15% property transfer tax on foreign buyers – what next?
Some trends to look for in real estate in the coming months
Wow! I honestly did not see this day coming…it must have been the last 6 years of writing about it consistently…they are listening to me! Or not. I simultaneously had both the reactions “They finally did something about this” and “This seems heavy handed.” as I heard more about these changes.
In case you have not heard, the BC government will be levying an extra 15% property transfer tax on foreign buyers purchasing property in the Metro Vancouver area. I thought either it was a misprint or that they were going to gross up the PTT by 15%, meaning minimal increase, and having no effect on the market, just like the governments at all levels have been doing since I became a mortgage broker nine years ago.
However, I was wrong. The amount is a gigantic punitive measure to foreign buyers buying property in the lower mainland. It has significant teeth to cool Vancouver real estate prices, allowing those who live here an advantage to get into market, which has up to now been searing hot.
My predictions of what will happen in the next few months are as follows:
A lot of resident “straw-men” will be appearing to buy properties now
Many of these foreign buyers will have Canadian residents who are relatives. The purchase contract will just be assigned to them and the tax will be avoided. I also believe that there are many people with landed immigrant status who live here but do not work here or do much to contribute to the local economy other than at the BMW dealerships. I would effectively consider those people “foreigners” also, but they are not, and will be able to continue purchasing properties under their names.
It will be interesting to learn what the “anti-avoidance rules” to prevent foreigners from avoiding the tax. For example, if a foreigner starts a BC holding company and uses that to purchase the properties, if they will require the citizenship or residency of the directors or shareholders of that company to avoid the non-resident tax.

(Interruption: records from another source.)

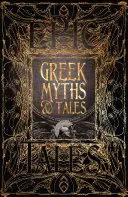 Grécke mýty a povesti: Epické príbehy - Greek Myths & Tales: Epic Tales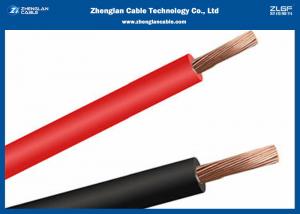 China 300/500V 450/750V PVC Insulated Copper Building Wire PVC Type ST5 Sheathed on sale
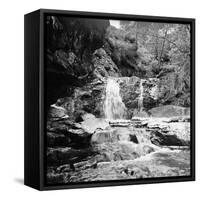 River Dee 1952-Staff-Framed Stretched Canvas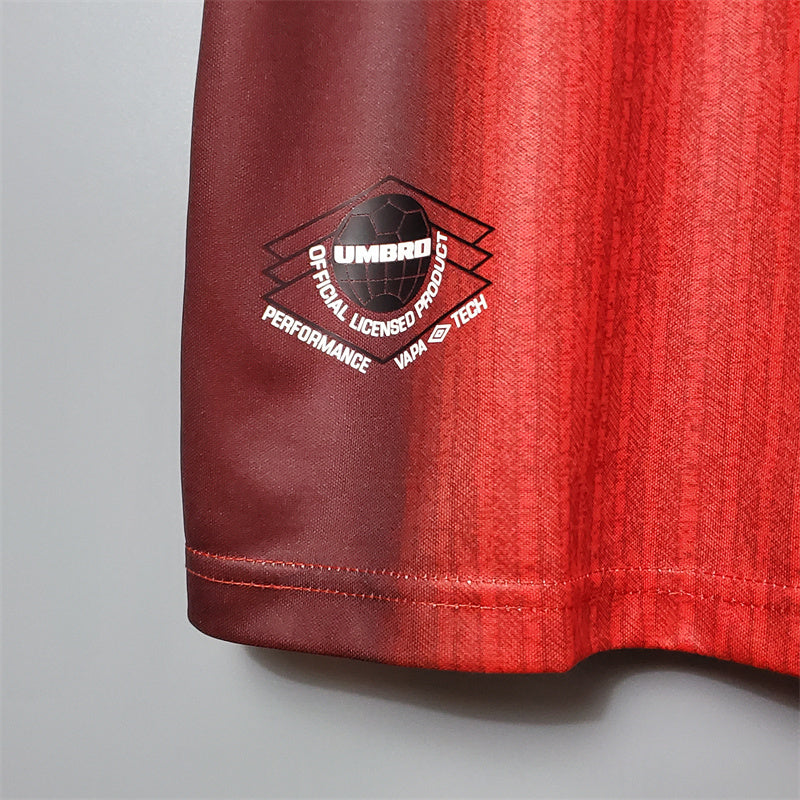 Camisa Retrô Manchester United I 1996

The market will cool down somewhat
There are going to be foreign buyers who do not have family that can accept the assignment of the contract to avoid the tax. They will not be buying property in Vancouver now, I don’t believe. As a result, the market will cool down. People who might actually live in the homes will have an opportunity to possibly buy one. The market will likely correct, and the slack in the foreigners purchasing will be taken up by residents.
Property outside of the Greater Vancouver Area is going to get HOT
Foreign buyers will now look to Abbotsford, Vancouver Island, Chilliwack, the Okanogan, Whistler, Mission, Toronto, etc. Anywhere where the tax is not being levied will now become a target of foreign buyers who do not have straw-men here. I think that there is potential for these areas to be subject to taxes as foreign buyers flock to these areas.
Something does not feel right
Honestly, it is so punitive in nature, my initial gut reaction to it was to think it was heavy-handed in nature. My suggestion that foreigners just need to buy with cash would slow things down to some degree, or making the tax 5%, or both. The banking changes would take a long time to have happen I believe. This change is a very quick one, and feels like an “emergency measure” by the government. A startling statistic from the government:
De Jong said recent government housing data indicate foreign nationals spent more than $1 billion on B.C. property between June 10 and July 14, with 86 per cent on purchases in the Lower Mainland area.
In just over a month, foreigners purchased $860 million dollars in real estate in the lower mainland. If this measure is based on that data, it could be a knee-jerk reaction, and unless they happen to get right, I would expect that this will only be temporary, and will be modified by having this new tax decrease down to 5-10% within a year.
In the short-term, the very abrupt nature of this announcement and its hasty implementation could cause some deals go go offside. I believe it is conceivable that some people will be prepared to walk away from their deposits over this change, and then other deals that were based on the sale of a property to a non-resident will then struggle to complete, with a possible chain reaction.
On the other side, if the proceeds of this tax help to build and maintain low-cost housing, it could have significant social benefit.
The demographic who would be negatively impacted the most by these changes that I would have more sympathy for are those who relocated to Vancouver for work and are here as temporary residents and have not yet gotten their permanent residency. However, that would be a short-term hardship during which time they can rent and then buy when they obtain permanent residency status.
All things considered, I believe that the overall impact of this change is of significant benefit for local residents that were being priced out of the market artificially by foreign buyers. The months to come are promising to be very interesting.